Zeb Larson reviews The Fade Out #7…
Charlie is falling for the replacement blonde…but is he working her for information, or is she playing him for her own ends?
This issue is a first for Fade Out: it didn’t really grab me. This has always been a slow burn kind of series and it has usually eschewed action in favor of narration. This time, however, the narration didn’t do its job, and without any notable action or big reveals that would advance the plot the result was a surprisingly lifeless issue. Oh well, every series has to have a slow month, right? I will be discussing spoilers in my review of this issue, so consider yourself forewarned.
While Dottie and Tyler are talking about the next step for his career (which involves a generous amount of cajoling on Dottie’s part), Charlie and Valeria head to an isolated hotel north of Los Angeles to drink and make love. They manage to do a considerable amount of both until Valeria tells him about her screen test for Thursby. Unsurprisingly, sex was involved, and this makes Charlie suspicious. While Valeria goes to an event with Tyler, Charlie drinks at a bar and ends up in a fistfight with another writer and has to clean himself up in the restroom. In the restroom, he meets Drake Miller, and Charlie remembers where he’s seen him before: the night of Maya’s death.
It’s telling of how little happens in this issue that the above synopsis captures 95% of the comic. I have no objection to there being sex in a comic, and I have no issue with making it as explicit as the author desires. However, the scenes of Valeria and Charlie either being cute or having sex take up a surprising amount of the book this month, and the narration that accompanies them is surprisingly sparse. The sex and cute flirting becomes dull after a while. Considering that one of the strengths of The Fade Out is the neo-noir language that Brubaker is so good at, going light with it for an issue doesn’t make the book more interesting.

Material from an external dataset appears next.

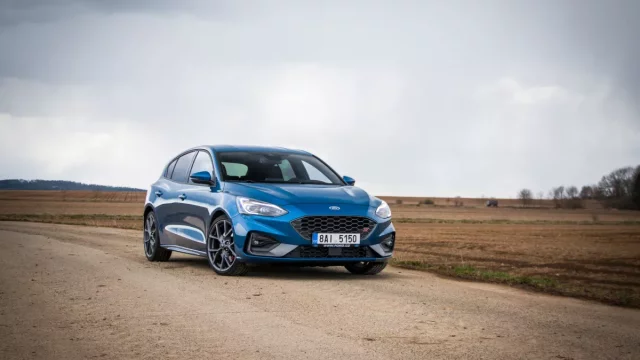 Test Fordu Focus ST 2.3 EcoBoost: Zapomeňte na RS, tohle je teď nejrychlejší Focus
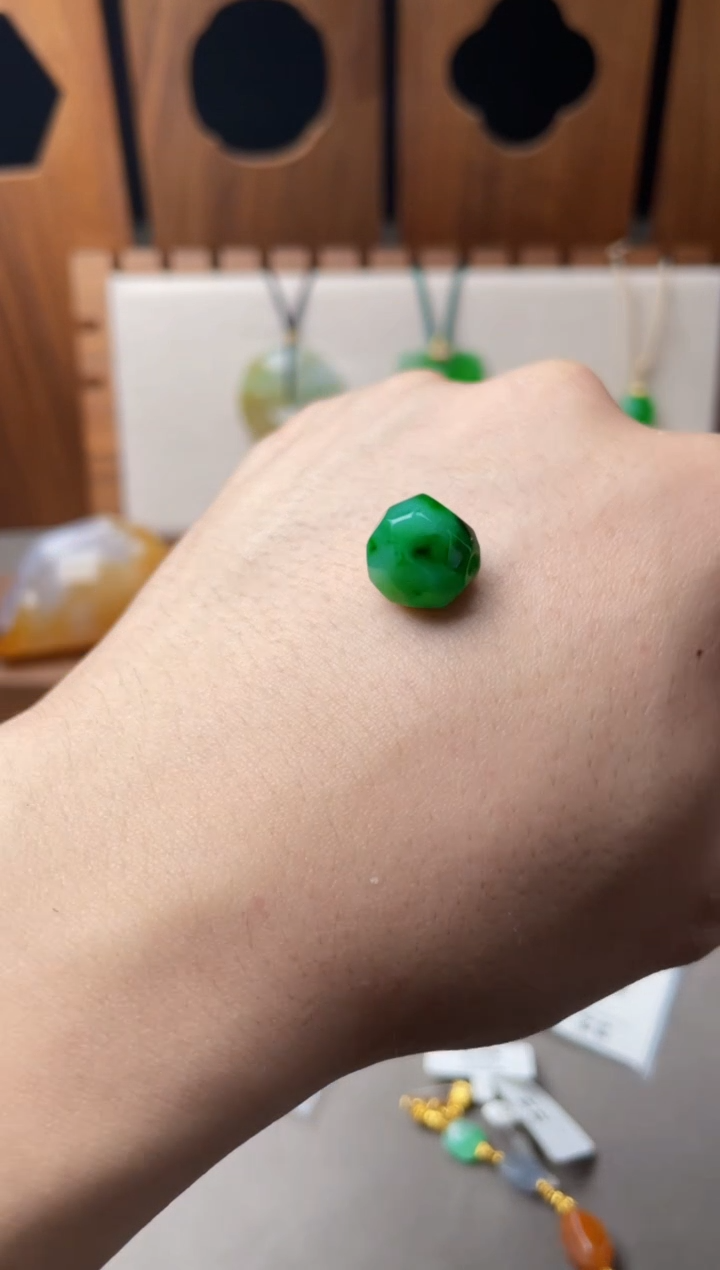 散珠翡翠辣绿单珠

The plot advancement is also very minimal in this issue. I was hoping that we would start to learn a bit more about Valeria, perhaps to tease out her role as the book’s femme fatale. The scene where she talks about presenting herself to Thursby hints that Valeria knew exactly what she was doing, and that might be what made Charlie so nervous. However, that could also just be Valeria’s determination to get ahead and succeed, which we saw back in the third issue. She doesn’t get a lot of insightful dialogue apart from the Thursby scene, and there’s no narration for her either. In short, for an issue in which she’s a major presence, we don’t learn much about her. Drake Miller’s presence will be important, but as we know nothing about the night Maya was killed his significance is still unknown and murky.
So, this was an issue on the way to something else more interesting. Hopefully subsequent issues will flesh out Valeria further, and we can at least reasonable assume that Drake Miller will be important for the future.